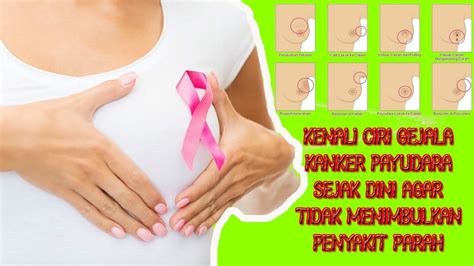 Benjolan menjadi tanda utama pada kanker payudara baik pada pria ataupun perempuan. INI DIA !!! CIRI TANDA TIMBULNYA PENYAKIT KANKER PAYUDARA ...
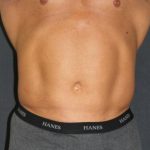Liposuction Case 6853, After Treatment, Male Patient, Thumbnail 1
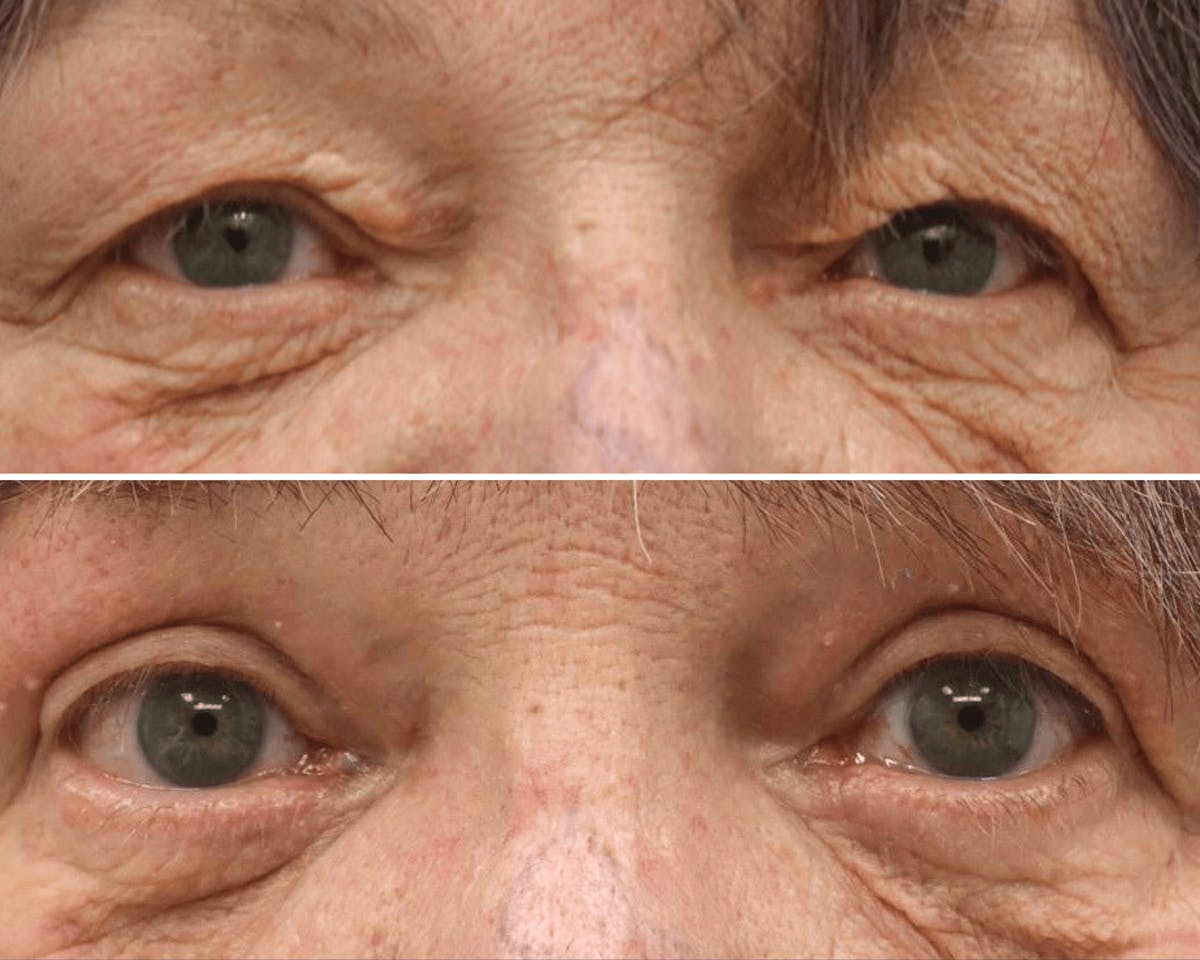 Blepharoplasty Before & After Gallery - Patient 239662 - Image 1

□ □ □ □ □ □ □

### Activity
Set the material above down again word for word. Include none of its pictures.

### Task solution
 Benjolan menjadi tanda utama pada kanker payudara baik pada pria ataupun perempuan. INI DIA !!! CIRI TANDA TIMBULNYA PENYAKIT KANKER PAYUDARA ...
Liposuction Case 6853, After Treatment, Male Patient, Thumbnail 1
 Blepharoplasty Before & After Gallery - Patient 239662 - Image 1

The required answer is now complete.